As students become more familiar with digital archives, they can see firsthand the power of archival research and the ways that availability of texts and documents shapes our understanding of the past. Digital archives also open up interesting conversations about history, memory, and resource inequity. When leading these discussions, I draw heavily from the dialogue that grew around Lara Putnam’s April 2016 article in the American Historical Review, “The Transnational and the Text-Searchable.” How do digitized primary sources impact our understanding of the past? Who has the resources to digitize and maintain archives? What about technological biases (for example, programs’ greater skill at identifying English words as opposed to those from other languages)?
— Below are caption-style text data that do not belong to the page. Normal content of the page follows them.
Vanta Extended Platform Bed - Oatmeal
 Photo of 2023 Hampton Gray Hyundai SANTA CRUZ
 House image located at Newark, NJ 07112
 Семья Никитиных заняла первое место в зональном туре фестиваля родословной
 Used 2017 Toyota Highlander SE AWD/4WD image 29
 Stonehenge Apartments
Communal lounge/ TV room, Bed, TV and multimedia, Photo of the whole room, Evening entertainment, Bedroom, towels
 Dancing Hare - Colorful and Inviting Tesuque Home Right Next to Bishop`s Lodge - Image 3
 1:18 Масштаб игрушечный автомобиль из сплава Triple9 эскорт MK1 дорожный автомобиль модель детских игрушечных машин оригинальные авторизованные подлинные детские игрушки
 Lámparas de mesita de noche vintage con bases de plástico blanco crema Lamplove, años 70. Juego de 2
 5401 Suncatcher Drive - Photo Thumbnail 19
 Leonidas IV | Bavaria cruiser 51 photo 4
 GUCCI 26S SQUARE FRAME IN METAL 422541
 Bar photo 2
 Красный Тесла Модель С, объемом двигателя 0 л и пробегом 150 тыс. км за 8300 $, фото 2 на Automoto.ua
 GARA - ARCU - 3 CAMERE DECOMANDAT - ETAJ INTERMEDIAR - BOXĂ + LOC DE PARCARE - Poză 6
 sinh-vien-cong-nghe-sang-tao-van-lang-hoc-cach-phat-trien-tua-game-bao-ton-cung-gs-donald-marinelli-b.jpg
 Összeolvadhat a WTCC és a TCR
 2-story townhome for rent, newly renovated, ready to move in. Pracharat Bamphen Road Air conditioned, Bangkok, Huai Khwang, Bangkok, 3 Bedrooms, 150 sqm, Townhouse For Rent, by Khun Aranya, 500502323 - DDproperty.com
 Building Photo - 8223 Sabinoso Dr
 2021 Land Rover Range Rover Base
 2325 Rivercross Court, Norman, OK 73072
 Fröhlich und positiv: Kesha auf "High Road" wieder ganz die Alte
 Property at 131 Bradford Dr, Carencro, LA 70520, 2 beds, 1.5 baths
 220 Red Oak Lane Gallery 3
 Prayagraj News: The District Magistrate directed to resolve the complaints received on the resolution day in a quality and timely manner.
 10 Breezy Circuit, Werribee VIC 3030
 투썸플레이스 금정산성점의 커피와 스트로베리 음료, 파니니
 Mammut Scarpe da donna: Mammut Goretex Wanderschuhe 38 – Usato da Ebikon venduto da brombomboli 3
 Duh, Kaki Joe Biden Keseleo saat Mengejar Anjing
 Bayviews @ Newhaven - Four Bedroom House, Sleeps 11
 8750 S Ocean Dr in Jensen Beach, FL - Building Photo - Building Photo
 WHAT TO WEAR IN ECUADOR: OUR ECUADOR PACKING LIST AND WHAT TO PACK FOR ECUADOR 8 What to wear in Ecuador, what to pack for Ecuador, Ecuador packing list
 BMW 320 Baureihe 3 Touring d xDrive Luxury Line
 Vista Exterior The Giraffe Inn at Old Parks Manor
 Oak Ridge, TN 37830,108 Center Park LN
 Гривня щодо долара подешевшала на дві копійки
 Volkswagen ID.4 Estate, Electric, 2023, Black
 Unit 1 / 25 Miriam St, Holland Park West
These questions allow me to pivot to a broader discussion about archival silences and how record keepers, archivists, and families choose which documents and items to save and which to throw away.
Some of my favorite digital archives that would easily fit into a US history classroom include the host of digitized collections available through the Library of Congress’s American Memory project, the National Archives’ Clifford Berryman political cartoon collection, the Internet Archive’s Way Back Machine, the Census Bureau’s American Fact Finder, and Last Seen: Finding Family after Slavery. A colleague, who taught AP Latin, drew from a number of crowdsourced digital archives to engage students in translation practice on texts ranging from classical texts to graffiti on the streets of Pompeii.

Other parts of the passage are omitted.